Patient sample.   Thirty-six multinational centers prospectively enrolled patients with suspected CS complicating AMI into the SHOCK Trial Registry and the SHOCK Trial from 1993 to 1997 and from 1993 to 1998, respectively (6). Of the 1,190 patients enrolled in the Registry, 306 patients were excluded because shock was attributable to mechanical causes, clinically diagnosed "isolated" right ventricular (RV) infarction or factors other than predominant LV failure. A total of 884 patients (74%) were classified with CS due to predominant LV failure, 69 of whom were excluded from analysis because of inadequate information about the timing of MI or shock onset. Data were thus available on 815 patients with post-MI CS primarily due to LV failure. This cohort constitutes the basis of this report. Results from the 302 patients in the concurrent randomized SHOCK Trial are reported for comparison.
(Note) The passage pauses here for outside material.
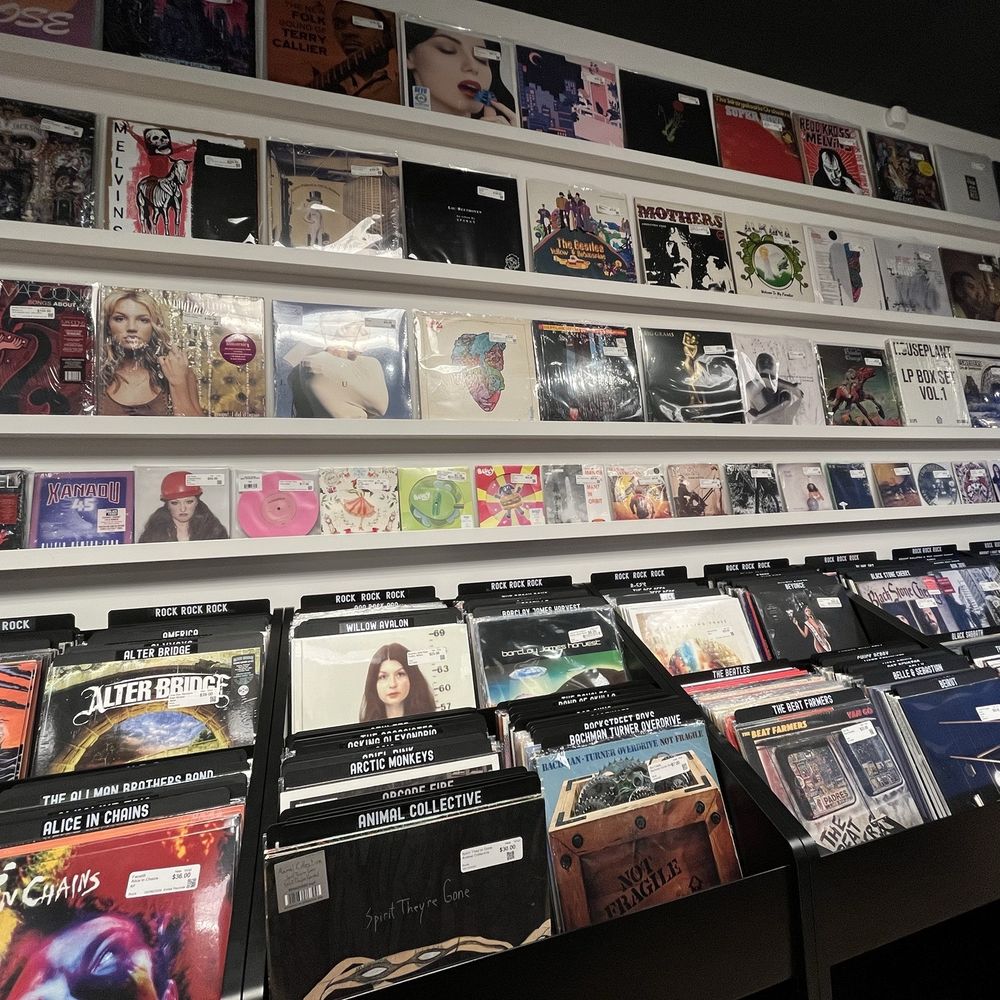 Exiled Records - Vinyl Records Near Me - Portland, Oregon Exiled Records - Vinyl Records Near Me - Portland, Oregon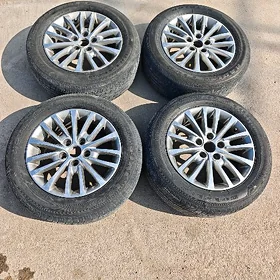 limited3 disga teker 215 60 16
Data collection.   Coordinators prospectively identified patients who had a clinical diagnosis of suspected CS complicating MI. Local discharge diagnoses of AMI and of CS (DRGs 410 combined with 785.51) constituted criteria for being registered. Patients randomized in the SHOCK Trial were excluded from the Registry (6,7). Data were abstracted from the medical record by study coordinators who were centrally trained to complete standard report forms. Right-heart catheterization was performed in 523 patients, the pulmonary capillary wedge was recorded in 490, and the cardiac index in 441. Left ventricular ejection fraction was measured during hospitalization in 311 patients by LV angiography (37%), by echocardiogram (59%) or by gated blood-pool scan (5%). The following variables were on revised data forms and were available for a maximum of 583 patients: ejection fraction, pulmonary-artery and RV pressures, chest pain at shock onset, history of elevated lipids, peripheral vascular disease, inotropic agent usage, and re-infarction/recurrent ischemia.

Definitions.   Three temporal groups were identified. Early shock was defined as shock developing <24 h after MI onset. Late shock was defined as shock developing ≥24 h after MI onset. A third group with very early shock was identified, consisting of patients who developed shock <6 h after MI onset. The early (<24 h) versus late (≥24 h) groups were compared.

Predominant LV failure was considered to be the cause of CS in the absence of isolated RV infarction, acute severe mitral regurgitation, ventricular rupture, tamponade, severe valvular disease, excess beta or calcium-channel blockade or shock resulting from a complication of cardiac catheterization. Re-infarction was defined as: 1) recurrent chest pain or ischemic symptoms for ≥30 min with recurrent ST-segment elevation, new Q waves, or new left bundle branch block; 2) a total creatine kinase (CK) at least twice the upper limit of normal and ≥25% or 200 U/mL over the previous value, with an elevated CK-MB; or 3) increase in CK-MB to above the upper limit of normal after a reversion to normal. Recurrent ischemia was defined as rest angina or ischemic symptoms for ≥5 min with ST-segment depression, T-wave inversion, or both, without cardiac enzyme elevation.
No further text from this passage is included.